Students who smoked cigarettes reported experiencing more depressive symptoms than those who used electronic cigarettes. The proportion was higher for smoking because more respondents had tried smoking rather than vaping. One reason students start vaping is that they used to smoke cigarettes. Therefore, students who vape may have started smoking before or begun vaping while still smoking. In addition, the affordability of cigarettes is higher than that of vaping, and cigarettes are much cheaper. In Indonesia, people, even teenagers, can easily buy cigarettes and vape. The tobacco law is not strictly applied (23). Affordability, also accessibility affect smoking and vaping behaviors (24).
Most students who experienced feeling sad or hopeless for two weeks in the last 12 months were frequent smokers, which can be caused by self-medication, where unhappy individuals are encouraged to consume cigarettes to get the acute effects of nicotine. Acute nicotine consumption triggers dopamine release, giving smokers a sense of comfort and thereby eliminating the feeling of sadness until the effect disappears (7, 24). Murphy et al. state that the effect of removing feelings of dysphoria from nicotine is very strong, to the point that it could encourage someone to start or continue the behavior of smoking (25).
In this study, we only looked at the emergence of depressive symptoms expressed by students that were not confirmed by expert examination, so it is not yet a diagnosis of depression. However, the symptoms disclosed are the main symptoms of depression, ranging from sadness, and hopelessness to suicidal ideation, and suicide attempts.

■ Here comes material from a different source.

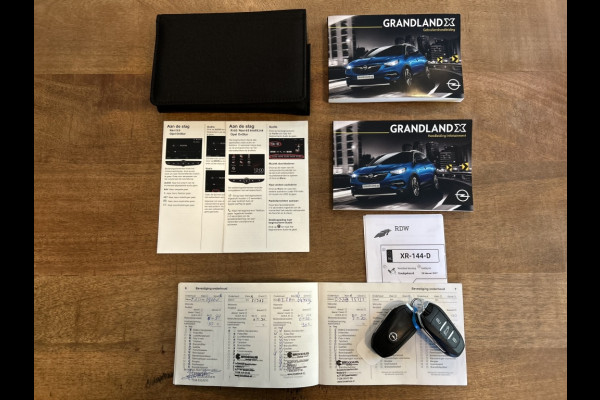 Opel Grandland X 1.2 Turbo 130pk Innovation Navi, Camera, Trekhaak, Stoelverw.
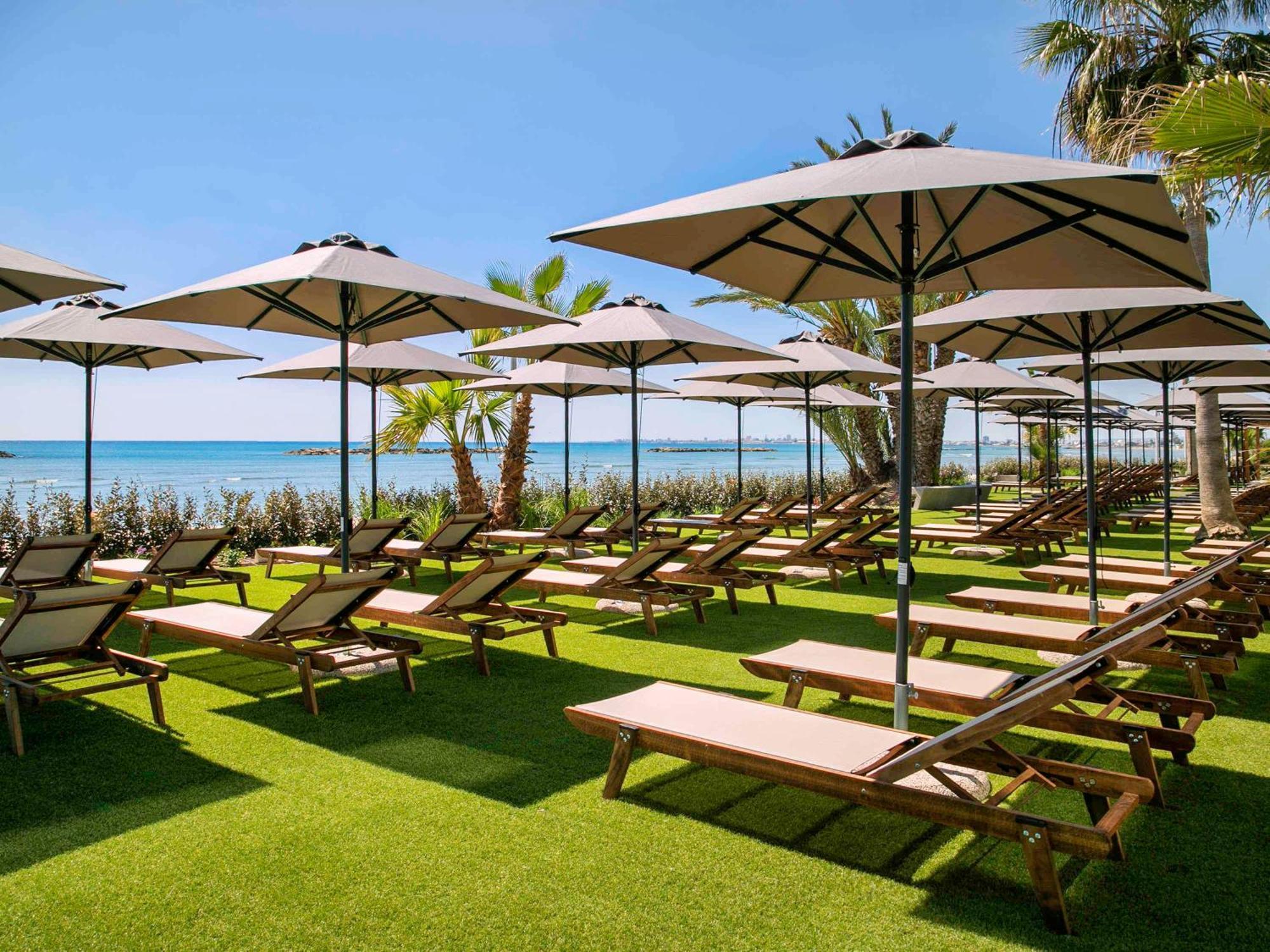 Mercure Larnaca Beach Resort 외부 사진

Smokers or vapers might experience depressive symptoms. Fergusson et al. in New Zealand reported that depressive symptoms and smoking behavior could be attributed to risk factors such as sex, race, comorbidity with anxiety and alcohol use, association with certain peers, and the experience of bad events in life, especially in childhood. These factors, alone or together, can cause depression symptoms, smoking, and vaping behavior (26).
This research was conducted in an urban setting in Jakarta, the capital city and busiest area in Indonesia. Regarding social-economy background, the students are from lower middle-class families. As mentioned by Rahim et al., one of the significant predictors of smoking behaviors in urban areas is economic status, in which smokers predominantly come from middle- and low-income families (27). Further research needs to be done to ascertain the causes of experiencing depressive symptoms, smoking, and vaping behaviors in high school students in Jakarta.
In conclusion, most students in Jakarta tried smoking cigarettes for the first time during early adolescence (13 - 14 years old). They are more likely to become frequent smokers or vapers. Moreover, those who frequently smoked or vaped experienced more depression than those who rarely smoked. Smoking behavior at a very young age poses a risk to overall health. The findings of this study should serve as a wake-up call for those working to prevent diseases caused by smoking behavior. Factors such as youth characteristics, socioeconomic background, and urban setting may contribute to developing smoking and vaping behaviors or depressive symptoms.